1. Andre Johnson, wide receiver
Prior to signing with the Indianapolis Colts this offseason, Johnson had spent all 12 of his NFL seasons with the Houston Texans. During that time, the former Miami Hurricane was consistently one of the best wide receivers in the league and put up huge numbers despite playing with several mediocre quarterbacks.
He had five seasons with 100 or more catches, six seasons with 1,000 or more receiving yards, and caught a total of 64 touchdown passes. Johnson will likely end up being the first player in Texans’ franchise history elected into the Pro Football Hall of Fame when he hangs up his cleats, but even that wasn’t enough to keep the 6-foot-3 wide receiver off the chopping block.
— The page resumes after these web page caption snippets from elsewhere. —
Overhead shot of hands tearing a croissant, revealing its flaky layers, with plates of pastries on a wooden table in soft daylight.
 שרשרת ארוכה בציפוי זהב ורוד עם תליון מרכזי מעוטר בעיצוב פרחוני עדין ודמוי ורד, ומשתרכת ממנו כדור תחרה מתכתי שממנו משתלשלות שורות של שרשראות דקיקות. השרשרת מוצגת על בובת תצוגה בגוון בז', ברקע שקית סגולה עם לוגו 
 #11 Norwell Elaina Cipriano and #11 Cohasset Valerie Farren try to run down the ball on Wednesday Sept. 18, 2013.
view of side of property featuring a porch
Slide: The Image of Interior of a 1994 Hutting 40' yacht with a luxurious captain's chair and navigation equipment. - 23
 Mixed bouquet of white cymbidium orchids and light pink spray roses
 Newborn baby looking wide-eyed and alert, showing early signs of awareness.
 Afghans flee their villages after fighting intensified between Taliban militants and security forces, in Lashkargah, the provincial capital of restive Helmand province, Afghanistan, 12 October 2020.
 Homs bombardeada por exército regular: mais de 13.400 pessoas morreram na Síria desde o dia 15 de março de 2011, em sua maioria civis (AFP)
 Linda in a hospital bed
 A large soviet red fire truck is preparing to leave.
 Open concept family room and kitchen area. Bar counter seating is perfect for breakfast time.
2. DeSean Jackson, wide receiver
Playmakers like Jackson are hard to find. That’s why it was a shocking move when the Philadelphia Eagles chose to release the then 27-year-old wide receiver. Jackson was coming off his best season as an NFL wide receiver in 2013 and had proven to be one of the most dangerous punt returners in the league earlier in his career.
In his six years in Philadelphia, Jackson had 356 receptions, 6,117 receiving yards, 32 touchdown receptions, and returned four punts for touchdowns. Nonetheless, Eagles head coach Chip Kelly felt that Jackson wasn’t a good fit with the culture he was trying to instill in his team and chose to release the explosive wideout on March 28, 2014. Jackson now plays for the Washington Redskins, one of the Eagles’ biggest divisional rivals.
3. Champ Bailey, cornerback
Bailey is one of the best cornerbacks to ever play in the NFL and is a lock to be a first-ballot Hall of Fame selection. The Denver Broncos acquired Bailey in a blockbuster trade with the Washington Redskins in 2003 that sent running back Clinton Portis to the nation’s capital in exchange for Bailey. The former Georgia Bulldog played five seasons in Washington and then 10 in Denver.
The Broncos chose to release Bailey following the 2014 season, which included a blowout loss to the Seattle Seahawks in Super Bowl XLVIII. Bailey was convinced that he still had some mileage left in his legs and chose to sign with the New Orleans Saints, but the six-time All-Pro was released again before the regular season kicked off. He has since retired, but the fact that a 12-time Pro Bowler can be kicked to the curb so nonchalantly is a brutal reminder that the NFL is a cutthroat business.
4. Darrelle Revis, cornerback
Revis is arguably the best cornerback in the game today. He is a game changer with the ability to shut down the game’s best wide receivers. The 29-year-old cornerback is a franchise-changing player, and his play was a big reason why the New England Patriots were able to win the Super Bowl XLIX title. As odd as this may sound, the Patriots released Revis in early March.
The move was due to salary cap complications, but what is even more shocking is the fact that it was Revis’s second time being released in two seasons. Almost exactly a year earlier, the Tampa Bay Buccaneers released the four-time All-Pro, opening the door for him to sign with the Patriots. He has since signed a five-year, $70 million contract with the New York Jets, the team he began his NFL career with. Seeing an athlete like Revis get released twice while he is still in his prime shows that no player has complete job security in the NFL.
5. Peyton Manning, quarterback
If Peyton Manning isn’t immune from getting cut, then practically nobody in the NFL is safe from the axe. Manning will likely go down as statistically the best quarterback to ever play professional football, and he is almost single-handedly responsible for the Indianapolis Colts getting a new stadium in 2008.
That didn’t stop Jim Irsay and the Colts from cutting Manning in 2012 after 14 seasons and one Super Bowl title in Indianapolis. While his release had more to do with the uncertainty surrounding his neck injury than anything else, Manning will still go down as the best player to have ever been cut in NFL history.
All statistics are courtesy of Pro-Football-Reference.